[[ Dataset extract open ]]

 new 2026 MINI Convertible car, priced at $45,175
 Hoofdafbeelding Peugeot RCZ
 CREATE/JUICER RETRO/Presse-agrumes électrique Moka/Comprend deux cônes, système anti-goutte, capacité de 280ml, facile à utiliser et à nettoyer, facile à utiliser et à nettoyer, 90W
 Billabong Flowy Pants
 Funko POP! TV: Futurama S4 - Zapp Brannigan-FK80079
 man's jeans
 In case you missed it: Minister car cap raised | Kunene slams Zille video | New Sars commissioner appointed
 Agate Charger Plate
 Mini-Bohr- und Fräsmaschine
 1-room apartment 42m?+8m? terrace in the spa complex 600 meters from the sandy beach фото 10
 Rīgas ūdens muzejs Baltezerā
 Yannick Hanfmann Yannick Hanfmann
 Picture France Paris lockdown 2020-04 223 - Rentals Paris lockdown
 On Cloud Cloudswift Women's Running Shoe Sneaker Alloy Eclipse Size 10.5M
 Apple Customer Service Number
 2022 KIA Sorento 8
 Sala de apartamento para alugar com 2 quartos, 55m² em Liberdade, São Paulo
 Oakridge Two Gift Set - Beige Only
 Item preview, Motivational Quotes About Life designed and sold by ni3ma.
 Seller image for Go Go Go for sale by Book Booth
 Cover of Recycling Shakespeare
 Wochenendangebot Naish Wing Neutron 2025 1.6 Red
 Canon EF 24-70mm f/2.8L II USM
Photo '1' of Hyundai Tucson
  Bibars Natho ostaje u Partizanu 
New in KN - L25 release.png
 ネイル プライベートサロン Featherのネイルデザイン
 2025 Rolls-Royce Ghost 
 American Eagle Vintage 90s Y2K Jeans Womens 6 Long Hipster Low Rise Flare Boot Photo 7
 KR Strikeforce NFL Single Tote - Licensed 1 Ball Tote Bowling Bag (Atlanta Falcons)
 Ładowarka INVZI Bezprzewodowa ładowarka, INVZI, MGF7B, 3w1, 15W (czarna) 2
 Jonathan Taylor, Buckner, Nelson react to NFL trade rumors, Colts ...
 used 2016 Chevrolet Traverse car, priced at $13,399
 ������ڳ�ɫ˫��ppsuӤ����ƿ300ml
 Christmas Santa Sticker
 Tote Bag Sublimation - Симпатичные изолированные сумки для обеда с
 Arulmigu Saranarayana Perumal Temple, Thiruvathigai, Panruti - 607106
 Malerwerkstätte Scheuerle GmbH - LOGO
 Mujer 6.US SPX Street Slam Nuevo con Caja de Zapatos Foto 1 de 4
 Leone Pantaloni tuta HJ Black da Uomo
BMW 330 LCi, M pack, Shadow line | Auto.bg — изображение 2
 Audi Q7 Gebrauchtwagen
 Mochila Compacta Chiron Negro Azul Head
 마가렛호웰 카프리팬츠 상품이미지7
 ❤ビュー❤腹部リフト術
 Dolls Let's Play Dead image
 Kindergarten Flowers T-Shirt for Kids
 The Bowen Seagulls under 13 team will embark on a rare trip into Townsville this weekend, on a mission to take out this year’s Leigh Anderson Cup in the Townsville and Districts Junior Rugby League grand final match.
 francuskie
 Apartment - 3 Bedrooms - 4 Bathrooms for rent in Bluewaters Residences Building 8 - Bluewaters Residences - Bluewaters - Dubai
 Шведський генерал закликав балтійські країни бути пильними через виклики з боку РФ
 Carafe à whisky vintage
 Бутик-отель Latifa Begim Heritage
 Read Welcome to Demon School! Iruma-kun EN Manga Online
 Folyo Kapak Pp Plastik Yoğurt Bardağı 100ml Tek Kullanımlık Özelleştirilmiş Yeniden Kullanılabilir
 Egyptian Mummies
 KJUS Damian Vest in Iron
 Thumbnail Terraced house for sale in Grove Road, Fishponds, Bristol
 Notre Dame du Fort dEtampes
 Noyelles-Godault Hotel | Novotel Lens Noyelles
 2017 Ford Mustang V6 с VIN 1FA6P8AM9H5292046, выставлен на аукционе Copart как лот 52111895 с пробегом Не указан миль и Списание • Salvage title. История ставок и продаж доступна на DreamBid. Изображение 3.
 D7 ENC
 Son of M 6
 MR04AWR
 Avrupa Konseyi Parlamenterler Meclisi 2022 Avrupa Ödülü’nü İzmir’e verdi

[[ Dataset extract closed ]]

### Problem description
No line before the one containing "Read Welcome to" belongs in the answer; give again exactly that line and all lines after it through the end of the data.

### Answer to this problem
 Read Welcome to Demon School! Iruma-kun EN Manga Online
 Folyo Kapak Pp Plastik Yoğurt Bardağı 100ml Tek Kullanımlık Özelleştirilmiş Yeniden Kullanılabilir
 Egyptian Mummies
 KJUS Damian Vest in Iron
 Thumbnail Terraced house for sale in Grove Road, Fishponds, Bristol
 Notre Dame du Fort dEtampes
 Noyelles-Godault Hotel | Novotel Lens Noyelles
 2017 Ford Mustang V6 с VIN 1FA6P8AM9H5292046, выставлен на аукционе Copart как лот 52111895 с пробегом Не указан миль и Списание • Salvage title. История ставок и продаж доступна на DreamBid. Изображение 3.
 D7 ENC
 Son of M 6
 MR04AWR
 Avrupa Konseyi Parlamenterler Meclisi 2022 Avrupa Ödülü’nü İzmir’e verdi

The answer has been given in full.